Research
Our research is currently divided in four main topics:
Database Dependability
With a strong background in fault-tolerant agreement and group communication protocols the natural application of the team’s knowledge in databases was research to improve databases dependability. Some years ago, the team coordinated the GORDA project on scalable relational database replication that involved the extension of several open source relational databases to be integrated in a scalable replication middleware. In this project we develop the ESCADA Toolkit and GAPI tools. We also coordinated a national research project, ReD, proposing a new approach that combines the benefits of the two distinct approaches for database server scalability and dependability: shared nothing and shared storage clusters. ReD runs shared nothing server software on a shared storage cluster, while also tolerating byzantine failures.
More recently, in the context of the CloudDB Appliance the team is involved in tasks related to the load balancing and fault-tolerance of database requests and the orchestration/deployment of database components.
Large Scale Data Processing
The work on large scale data processing is focused in developing new solutions to fit current demands in cloud based database solutions. These leverage the scalability and elastic capabilities of this programming model to serve both larger user domains and disruptive data volumes. The developed systems span from middleware solutions either to complement or to fully provide processing semantics over already existing systems or full query engines that incorporate the developed techniques.
In the Stratus project we research on the trade-off of early NoSQL databases, defining a two-layer architecture that allows to provide additional consistency guarantees and higher level data processing primitives that ease the migration from relational DBMS. Stratus led to the design and development of two main tools: DataDroplets and DataFlasks. DataDroplets is a flexible, efficient, dependable and fully decentralized key-value store for the management of data in a Cloud environment while DataFlasks is an epidemic store for massive scale systems. Recent work on DataFlasks achieved totally ordered replication for massive scale key-value stores.

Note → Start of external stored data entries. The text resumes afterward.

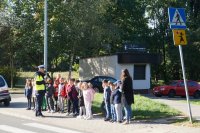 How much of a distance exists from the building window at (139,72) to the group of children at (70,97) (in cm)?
1924

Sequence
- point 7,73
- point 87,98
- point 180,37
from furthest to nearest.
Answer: point 7,73
point 87,98
point 180,37

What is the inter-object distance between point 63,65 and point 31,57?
4709 mm

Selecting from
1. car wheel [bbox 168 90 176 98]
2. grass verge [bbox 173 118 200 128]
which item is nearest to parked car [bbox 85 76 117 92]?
car wheel [bbox 168 90 176 98]

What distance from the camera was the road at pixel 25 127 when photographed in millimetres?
13617

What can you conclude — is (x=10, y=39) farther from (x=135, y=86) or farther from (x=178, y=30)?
(x=178, y=30)

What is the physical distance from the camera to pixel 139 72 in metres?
38.2

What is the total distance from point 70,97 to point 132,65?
2046 centimetres

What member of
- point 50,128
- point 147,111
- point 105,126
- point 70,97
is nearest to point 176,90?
point 147,111

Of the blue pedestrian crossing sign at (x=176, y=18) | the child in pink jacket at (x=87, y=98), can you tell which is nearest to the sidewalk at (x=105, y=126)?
the child in pink jacket at (x=87, y=98)

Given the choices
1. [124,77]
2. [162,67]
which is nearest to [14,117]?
[124,77]

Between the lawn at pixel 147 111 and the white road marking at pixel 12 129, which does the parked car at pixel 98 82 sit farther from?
the white road marking at pixel 12 129

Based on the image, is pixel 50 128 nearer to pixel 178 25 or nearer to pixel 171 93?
pixel 178 25

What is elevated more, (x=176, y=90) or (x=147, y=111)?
(x=176, y=90)

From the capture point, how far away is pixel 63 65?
46875 mm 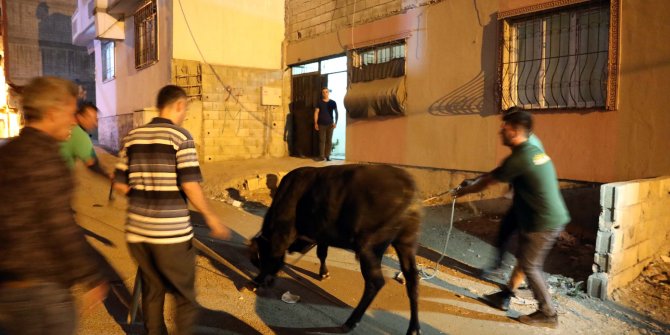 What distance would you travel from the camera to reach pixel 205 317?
3.78m

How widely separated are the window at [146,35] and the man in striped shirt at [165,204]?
11.0 metres

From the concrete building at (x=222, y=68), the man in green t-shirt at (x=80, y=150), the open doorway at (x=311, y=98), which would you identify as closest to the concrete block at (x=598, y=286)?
the man in green t-shirt at (x=80, y=150)

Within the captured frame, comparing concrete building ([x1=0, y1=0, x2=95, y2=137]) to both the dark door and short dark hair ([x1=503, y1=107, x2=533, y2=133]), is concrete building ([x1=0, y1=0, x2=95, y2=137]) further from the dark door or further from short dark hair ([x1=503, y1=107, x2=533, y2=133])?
short dark hair ([x1=503, y1=107, x2=533, y2=133])

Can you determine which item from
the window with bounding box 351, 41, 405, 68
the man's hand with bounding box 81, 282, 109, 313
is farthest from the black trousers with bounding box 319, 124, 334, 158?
the man's hand with bounding box 81, 282, 109, 313

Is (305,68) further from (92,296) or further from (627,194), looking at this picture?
(92,296)

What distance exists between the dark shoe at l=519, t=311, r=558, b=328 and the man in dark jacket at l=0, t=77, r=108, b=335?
3.25m

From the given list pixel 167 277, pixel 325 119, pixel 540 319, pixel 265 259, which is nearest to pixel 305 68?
pixel 325 119

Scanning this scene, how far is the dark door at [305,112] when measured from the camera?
12.1 m

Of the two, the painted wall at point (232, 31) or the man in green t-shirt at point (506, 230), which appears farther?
the painted wall at point (232, 31)

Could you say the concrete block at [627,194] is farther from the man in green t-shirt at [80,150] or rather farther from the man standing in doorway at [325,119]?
the man standing in doorway at [325,119]

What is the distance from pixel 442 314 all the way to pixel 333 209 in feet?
4.24

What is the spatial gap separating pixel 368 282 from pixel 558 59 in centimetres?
496

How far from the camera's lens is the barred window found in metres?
6.39

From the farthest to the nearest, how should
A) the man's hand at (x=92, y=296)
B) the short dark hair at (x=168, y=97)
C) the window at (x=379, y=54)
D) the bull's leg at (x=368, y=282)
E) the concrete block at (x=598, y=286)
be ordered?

Data management is moving from traditional relational and transactional database management systems (i.e., SQL) to a variety of systems that address different aspects of big data challenges (i.e., NoSQL). The gap between both systems makes it harder to develop and operate new applications, and forces developers to cope with multiple tools in a single application. In the CumuloNimbo, CoherentPaaS and LeanBigData research projects we had been researching on bridging the gap between SQL and NoSQL technologies without compromising scalability or flexibility. In CumuloNimbo’s we designed and developed the query engine layer that is responsible for taking an SQL query and generating an efficient execution plan for the query, to be executed over the NoSQL storage layer. In CoherentPaaS we had research on data lakes support in SQL query engines to ingest data from external stores, such as Hadoop files, MongoDB, Neo4J, and data generated from or transformed with embedded scripting languages. In LeanBigData we defined novel strategies for parallel Hybrid transaction/analytical processing (HTAP) engines for real time analytical queries, enabling several workers to split and share query execution. More recently, we had research on extending this parallel engine for the parallel execution of analytical window functions queries. In order to commercially explore key results of those three projects, in 2015 the LeanXcale startup was born with former and current members of this team. In RADicalize we are leveraging polyglot research done in the CoherentPaaS project in order to enable developers using a low code platform to interact with different NoSQL data sources through the platform’s unified visual query model.
Jointly with IBM Research Zurich, in the Accelerated Object Stores we worked on the design of a middleware system that is able to efficiently handle data from document-based repositories for real-time processing.
Secure Data Processing
The work on secure data processing aims at building practical database systems that follow a privacy-by-design methodology. Current work explores the security, functionality and performance tradeoffs provided by current cryptographic primitives (e.g., standard, deterministic, order-preserving, searchable encryption) and secure hardware platforms (e.g., Intel SGX) when integrated with state-of-the-art NoSQL, SQL, Analytical and Machine/Deep Learning database engines.
In the context of the SafeCloud project we had work on a secure and resilient Cloud architecture, and particularly providing different database solutions that provide private data storage and processing while being practical and usable in real-world deployments. This solution comprehends a generic NoSQL framework SafeNoSQL, together with a set of libraries supporting data processing cryptographic techniques. In order to commercially explore key results of the project, in 2017 the SafeCloud Technologies Sàrl, a spin-off of INESC TEC, was born with former and current members of this team.
We are also researching on scalable database design, exporting an ansi-SQL interface, that contemplates novel database systems for analytical and web-based query processing that leverage multiple cryptographic primitives and the Intel SGX platform to enable privacy-aware processing.
Edge and Cloud Continuum
The advent of 5G networks and growing adoption of Internet of Things (IoT) devices lead to more opportunities for data collection and processing with hybrid edge-cloud systems.
In this architecture, edge devices – placed near where the data is being collected/accessed – execute some of the processing while offloading other more complex work to the cloud, which is scalable on demand. However, edge-cloud architectures present several challenges when it comes to data management. Most of the difficulties are due to their inherently large-scale, distributed, and heterogeneous deployments, namely: Replicating stateful (edge or otherwise) components for scalability requires synchronization, which can be expensive and makes fault tolerance more complex; large-scale data replication between the edge and the cloud raises issues in terms of network latency and storage capacity; and the heterogeneity of edge devices, namely in the context of IoT, encounters a very diverse set of data models, which requires data processing frameworks to handle each one on a case-by-case approach.
In the context of the AIDA we are modifying RAID, Mobileum end-to-end real-time data management platform handling the entire risk management lifecycle of enterprises, to scale-out to unprecedented levels and provide privacy and confidentiality guarantees.